+++ THE INPUT +++

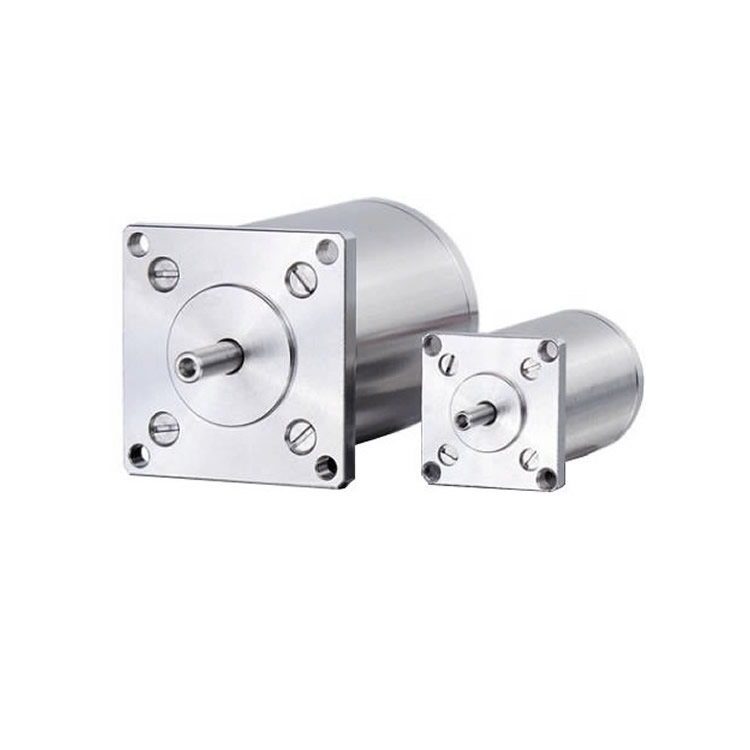 Phytron VSS 33.200.0,6-DS超高真空步进电机：在极端环境中实现精密定位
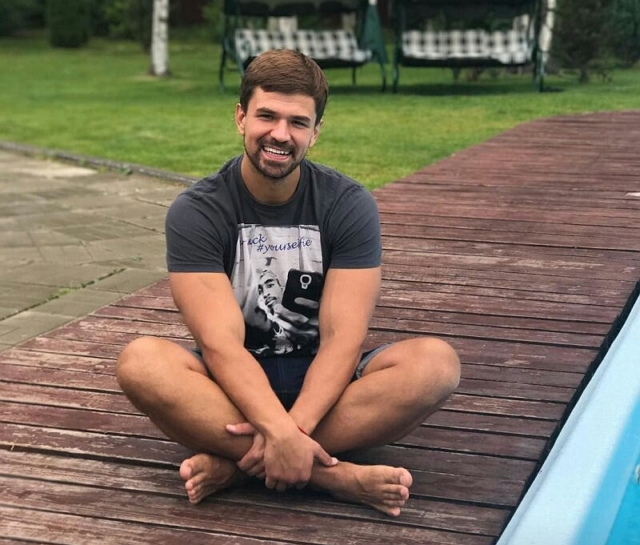 Курочка и Шепель готовятся к расставанию? Курочка и Шепель готовятся к расставанию?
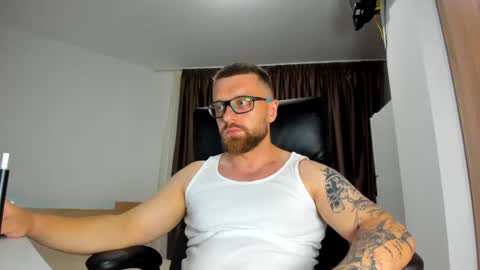 Alphaalexxx Lets reach Me 100 thumbs up online show from 07.19.26
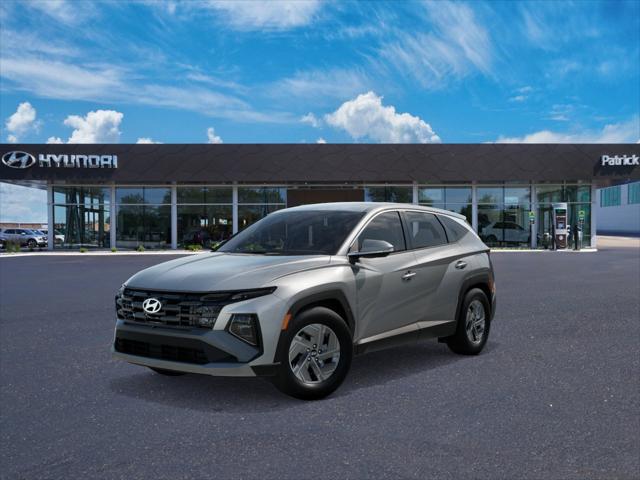2026 Hyundai Tucson Hybrid Blue SE for sale in SCHAUMBURG, IL
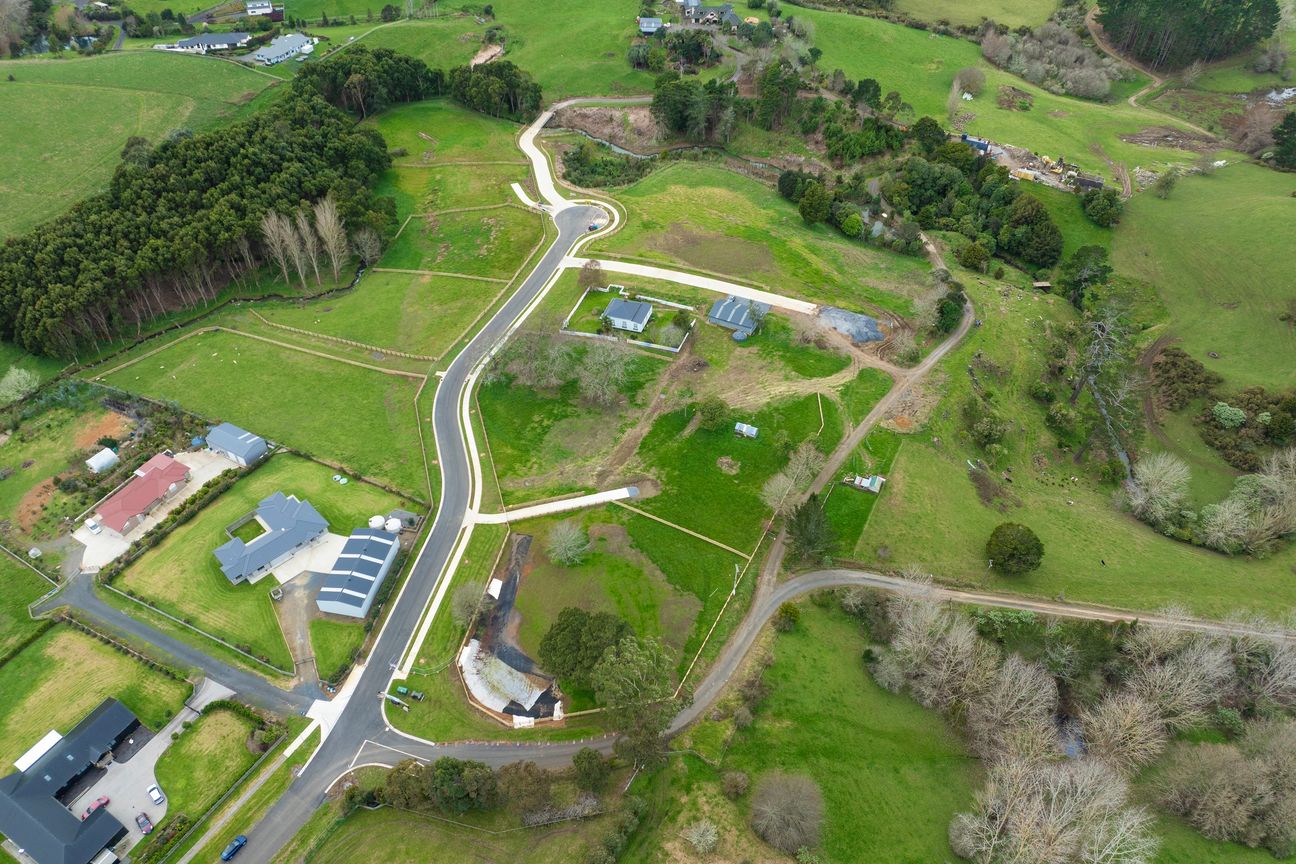 Milton Brook Estate - Your DW Dream Home Awaits! - Mehr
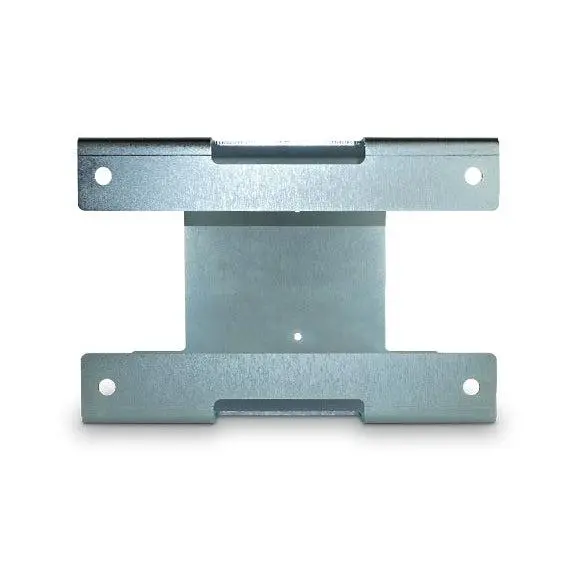 Universal Quickie Bracket For Single Channel Wireless Controls W/ Hd 325 Compressor (Hp10470-Br) 1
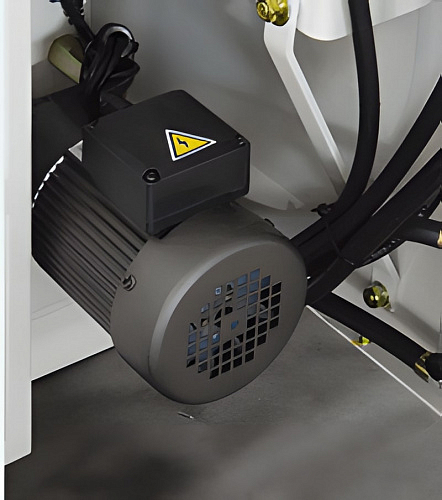 МЕХАНИЗМ НАСТРОЙКИ ПИЛ НА РАЗМЕР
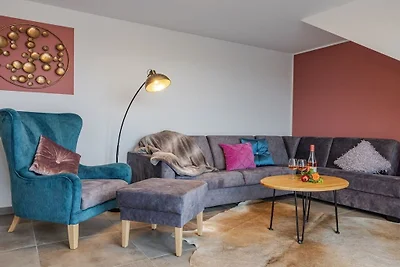 Ferienwohnung Sternenhimmel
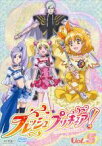 【中古】DVD▼フレッシュプリキュア! 5(第13話～第15話) レンタル落ち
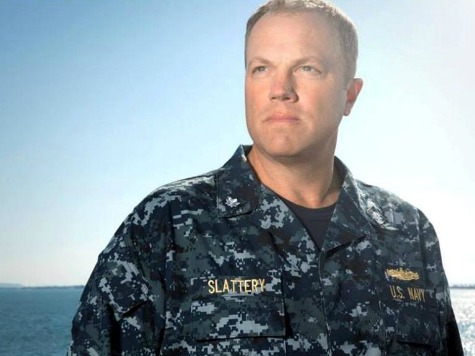 BH Interview: Adam Baldwin's 'The Last Ship' Salutes America as a 'Force for Good'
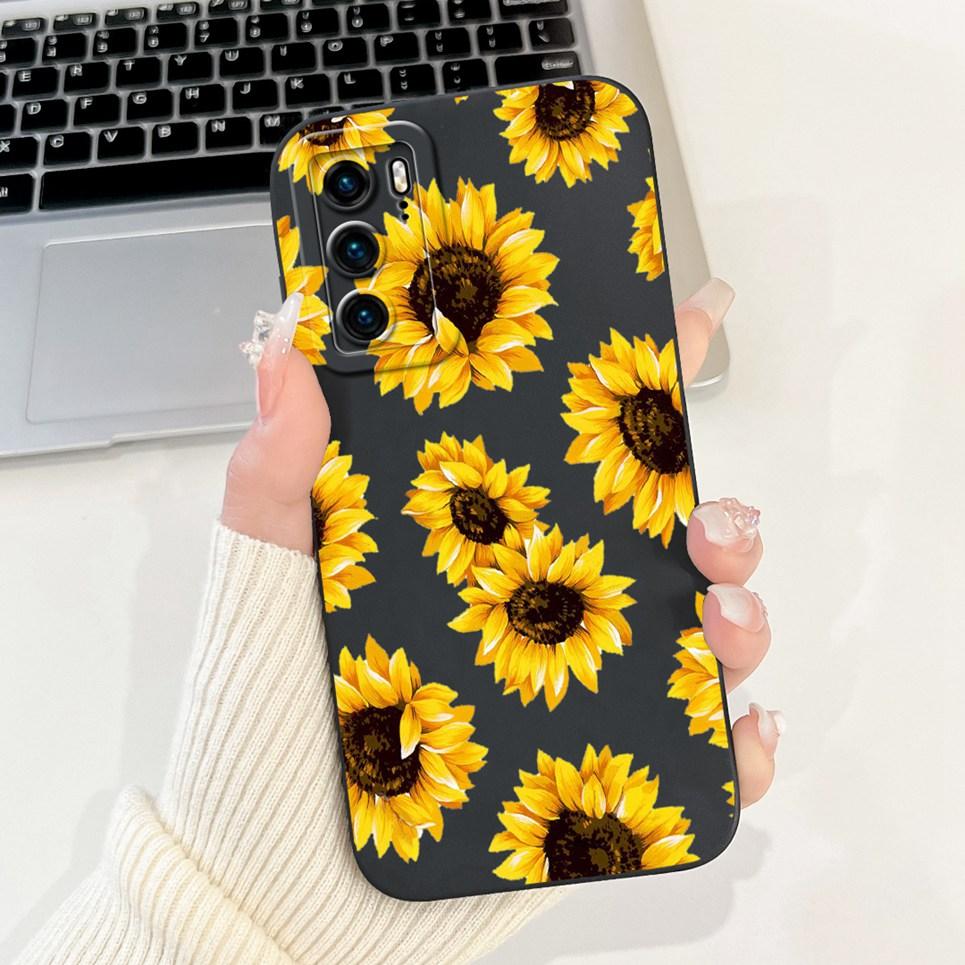 For Huawei P40+ P40 Pro Back Cover On Huawei P40 P40 Coque Funda Flower Butterfly Women Fashion Phone Case Liquid Silicone Etui Huawei P40
For Huawei P40+ P40 Pro Back Cover On Huawei P40 P40 Coque Funda Flower Butterfly Women Fashion Phone Case Liquid Silicone Etui Huawei P40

+++

All lines from the one holding "Курочка и Шепель готовятся к расставанию? Курочка" through the last line of the records need to be copied exactly, both ends included, and the pictures left behind.

 Курочка и Шепель готовятся к расставанию? Курочка и Шепель готовятся к расставанию?
 Alphaalexxx Lets reach Me 100 thumbs up online show from 07.19.26
2026 Hyundai Tucson Hybrid Blue SE for sale in SCHAUMBURG, IL
 Milton Brook Estate - Your DW Dream Home Awaits! - Mehr
 Universal Quickie Bracket For Single Channel Wireless Controls W/ Hd 325 Compressor (Hp10470-Br) 1
 МЕХАНИЗМ НАСТРОЙКИ ПИЛ НА РАЗМЕР
 Ferienwohnung Sternenhimmel
 【中古】DVD▼フレッシュプリキュア! 5(第13話～第15話) レンタル落ち
 BH Interview: Adam Baldwin's 'The Last Ship' Salutes America as a 'Force for Good'
 For Huawei P40+ P40 Pro Back Cover On Huawei P40 P40 Coque Funda Flower Butterfly Women Fashion Phone Case Liquid Silicone Etui Huawei P40
For Huawei P40+ P40 Pro Back Cover On Huawei P40 P40 Coque Funda Flower Butterfly Women Fashion Phone Case Liquid Silicone Etui Huawei P40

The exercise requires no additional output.